Trait bound errors. If you forget to implement the trait for your mock, the compiler rejects the code with E0277 (the trait bound MockMessenger: Messenger is not satisfied). This is a compile-time safety check. You can't accidentally pass the wrong type.

Borrow panics. If your mock calls borrow_mut() while a previous borrow is still active, RefCell panics. This happens if you hold a reference to the mock's data across a call.

// BAD: Holding a borrow across a mutation
let messages = mock.sent_messages.borrow();
tracker.send_message("Oops"); // Panics! borrow_mut fails because borrow is active.

Drop the borrow before calling the method. The guard must be released.
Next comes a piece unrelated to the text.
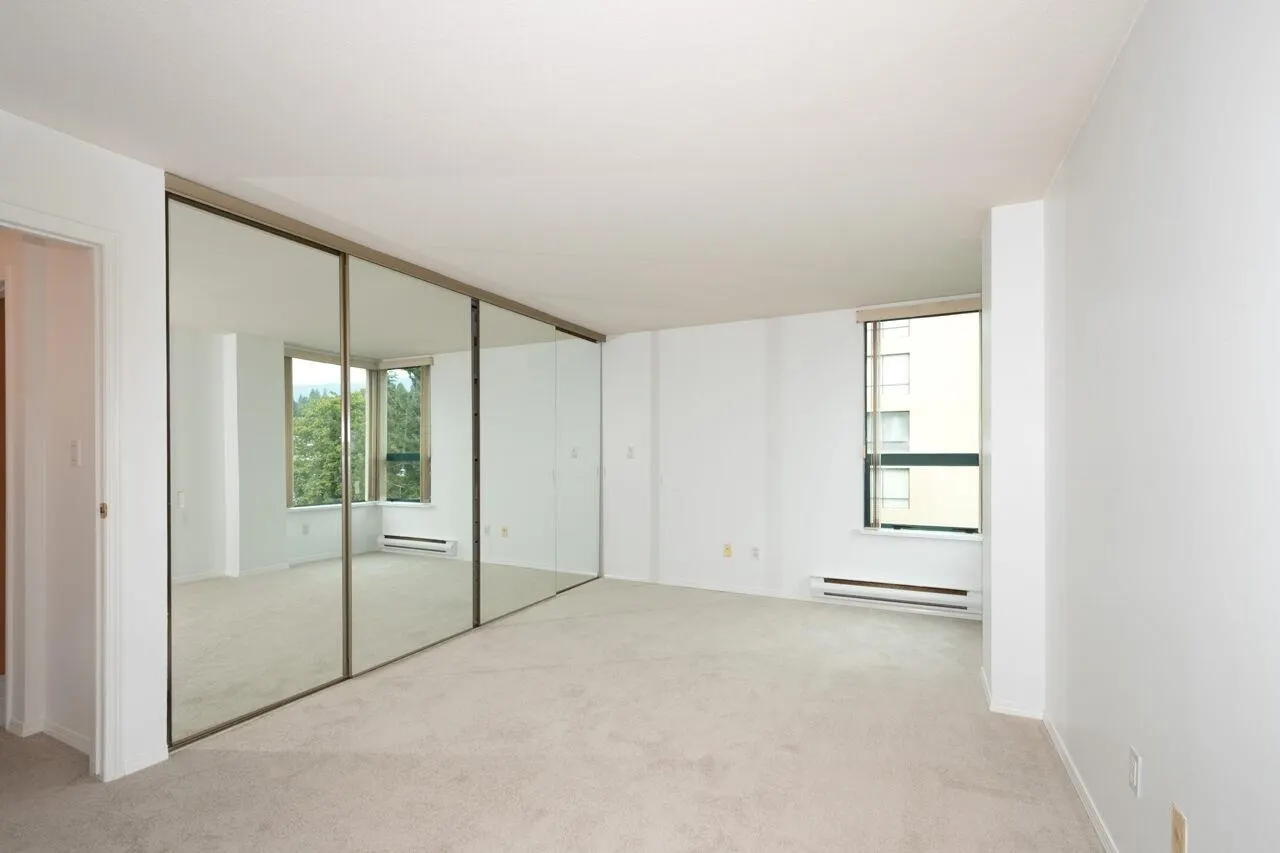 501 1427 Duchess Avenue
Thread safety. RefCell is not thread-safe. If your trait is called from async code or multiple threads, RefCell will panic or cause data races. Use std::sync::Mutex instead. Mutex checks locks at runtime and works across threads. The API is similar, but Mutex requires lock() which returns a Result.
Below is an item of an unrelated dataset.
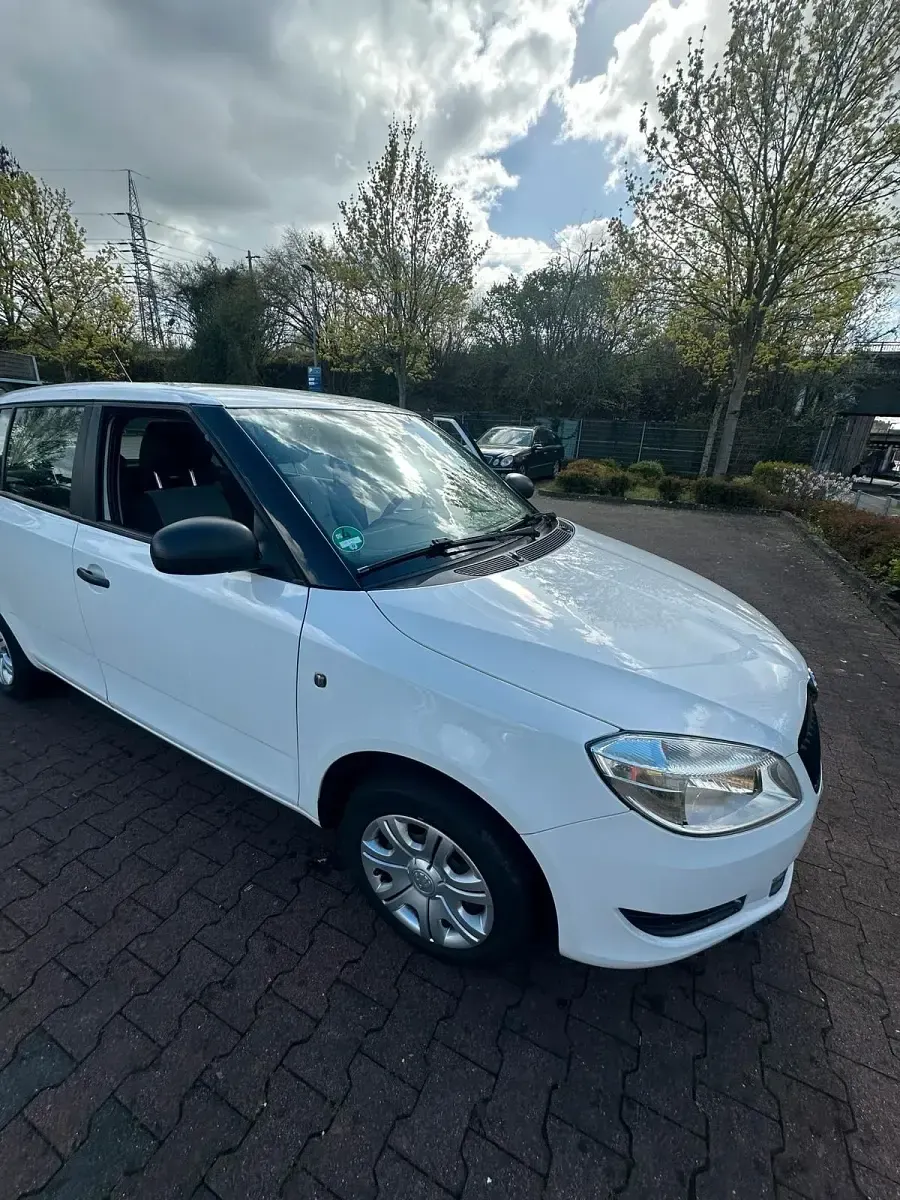 Gebraucht Skoda Fabia 60 PS (44 kW) 2014 Weiß Limousine
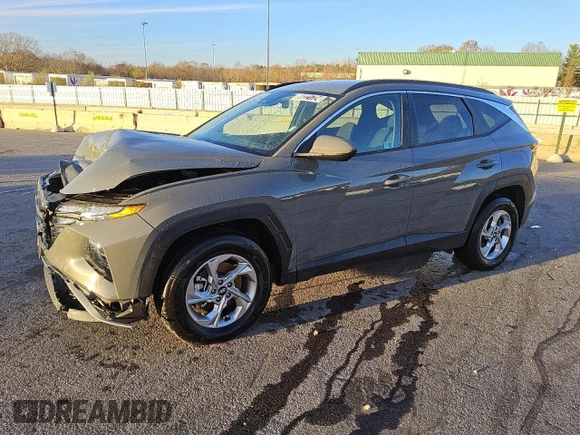 2024 Hyundai Tucson SEL with VIN 5NMJBCDE3RH428390, listed as a Copart auction lot 80221724 with 9,303 mi miles and Clean Title. Bid and sale history available at carsss.com. Image 1.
State leakage. Mocks must be fresh per test. If you reuse a mock instance, state from one test can bleed into another. Always create a new mock in each test function. Rust's ownership system helps here. If the mock is owned by the test, it's dropped when the test ends.

Decision matrix

Choose your mocking strategy based on the constraints of your trait and test environment.

Use a hand-rolled RefCell mock for single-threaded unit tests where you need to record multiple values and want minimal dependencies. Use a Mutex-wrapped mock when your trait is called from async code or multiple threads; RefCell panics on concurrent access, while Mutex provides safe synchronization. Use Cell<T> for mocks that only need to store a single simple value like a boolean flag or a counter; Cell is slightly faster and doesn't allocate, but only works for Copy types. Reach for a mocking crate like mockall when your trait has many methods, complex generics, or associated types; hand-rolling becomes tedious and error-prone, and mockall generates the boilerplate automatically.

Where to go next

Design for injection, test for free. If your code accepts traits, your mocks are just another implementation. Trust the borrow checker when it rejects your mock setup; it's usually catching a lifetime issue that would cause a panic later. Mock the interface, not the implementation, and your tests will stay robust as the code evolves.